Imagina que el coche se detiene y la cálida brisa de la noche de Phuket te envuelve. No es solo aire; es una mezcla de humedad tropical, el suave olor a jazmín de algún jardín cercano y un eco lejano de música pop que parece venir de todas partes. Caminas unos pasos, y el sonido de las conversaciones se vuelve más denso, más cercano. La fachada del Simon Cabaret es grande, imponente, y aunque no la veas, sientes la energía que emana de ella, como un imán que atrae a la gente.
Al cruzar las puertas, sientes un cambio inmediato en el aire: el frescor del aire acondicionado es un alivio, un contraste con el exterior. El murmullo de la gente se transforma en un zumbido más cercano, una anticipación compartida. Te guían por pasillos alfombrados, y cada paso es suave, amortiguado. Cuando te sientas, el terciopelo de la butaca te envuelve, acogedor, y el leve chirrido de los asientos a tu alrededor te dice que la sala se está llenando. El espacio huele a limpio, a un toque de perfume que ya anticipa la magia.
De repente, las luces se apagan. No es un simple clic; es una inmersión gradual en la oscuridad que te envuelve por completo. Un silencio expectante se apodera de la sala, y luego, una explosión de sonido. La música no es solo algo que escuchas; la sientes vibrar en el pecho, en el suelo bajo tus pies. Es una melodía grandiosa, con metales brillantes y cuerdas que te elevan. Puedes casi oler el brillo de la purpurina y el maquillaje escénico que se avecina, una promesa olfativa de lo que está por venir. El telón se abre, y aunque no lo veas, el cambio en el flujo del aire, la repentina liberación de energía de la sala, te indica que el espectáculo ha comenzado.
Lo que sigue es un torbellino de sensaciones. La música cambia constantemente: un momento es una balada suave que te acaricia el oído, al siguiente es un ritmo pop contagioso que te hace querer mover los pies. Sientes el pulso de la orquesta, la precisión de los pasos de baile que resuenan suavemente en el escenario. Imagina la sensación de las telas más lujosas, el roce de la seda, el peso de los brocados, los flecos que se agitan con cada movimiento. Cada número es una historia contada a través del sonido y la energía; puedes sentir la alegría en los números más festivos, la melancolía en las canciones más lentas, todo transmitido por la intensidad de la voz y la orquestación.

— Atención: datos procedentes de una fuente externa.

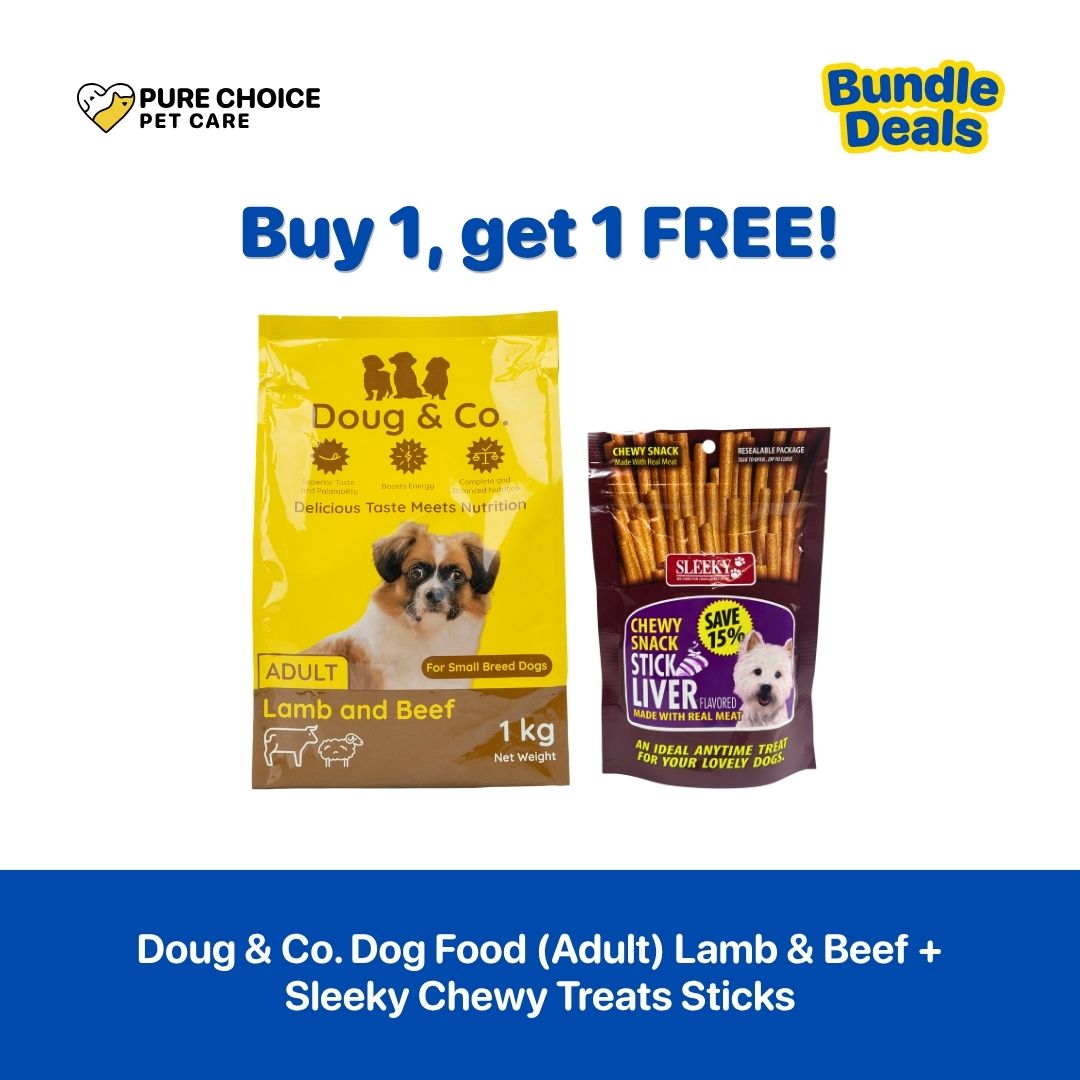 Buy 1 Get 1 Free - Doug & Co. Dry Dog Food 1kg Lamb and Beef Flavor for Adult + Sleeky Chewy Sticks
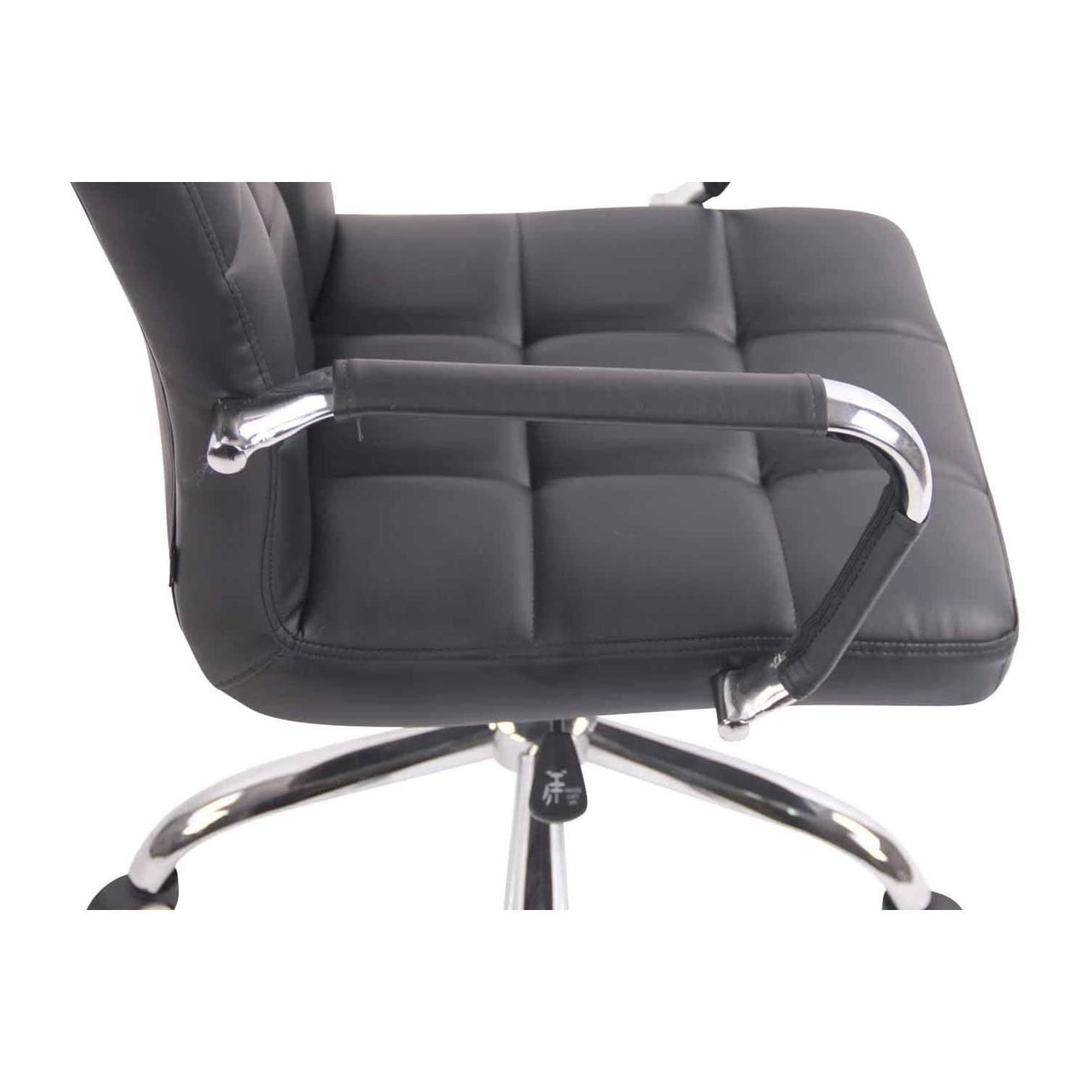 Silla de Oficina DELAN PRO, Gran Acolchado, Base Metálica, Tapizada en Piel Negra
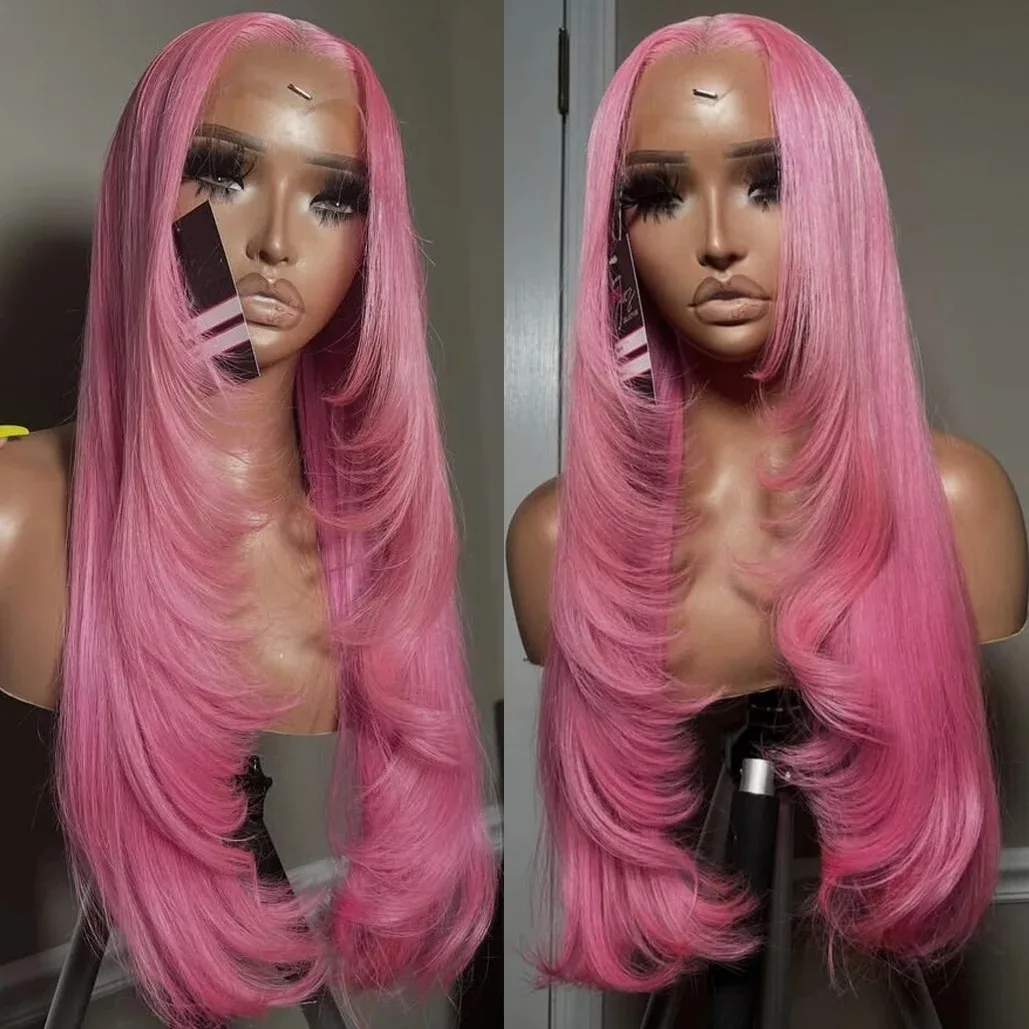 Pink Wig Layered Cut Straight Lace Front Wig PrePlucked 13x4 HD Lace Frontal Wig Synthetic And Blend High Quality Daily Cosplay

Cuando el último número termina y la música se desvanece, el aplauso es ensordecedor. No es solo un sonido; es una ola de aprobación que te envuelve, cálida y vibrante. La sala se ilumina lentamente, y una nueva energía surge: la oportunidad de acercarte. Al salir, un pasillo te lleva a donde los artistas esperan. Escuchas el murmullo de las voces, los 'clics' de las cámaras de los móviles. Si te acercas, puedes sentir el suave roce de un vestido de lentejuelas, el ligero aroma a colonia o perfume que emana de ellos. Un apretón de manos es suave, susurros de agradecimiento en inglés o tailandés. Es un momento fugaz, pero muy real, de conexión con la magia que acabas de experimentar.
Oye, un par de cosas prácticas por si te animas. Reserva tus entradas con antelación, sobre todo si vas en temporada alta; así te aseguras tu asiento y a veces pillas mejores precios online. Para llegar, lo más fácil es un taxi o un tuk-tuk, pero negocia el precio antes de subirte. El show dura como una hora y cuarto, sin intermedio. Y ojo con las fotos: dentro del teatro, nada de cámaras ni móviles durante la función, por respeto a los artistas y a los derechos de autor. Pero al final, fuera, sí que puedes hacerte fotos con ellos. Eso sí, ten a mano algo de cambio (unos 100 baht por artista es lo habitual) si quieres una foto, es su manera de agradecerles el esfuerzo. No es obligatorio, pero sí un bonito gesto.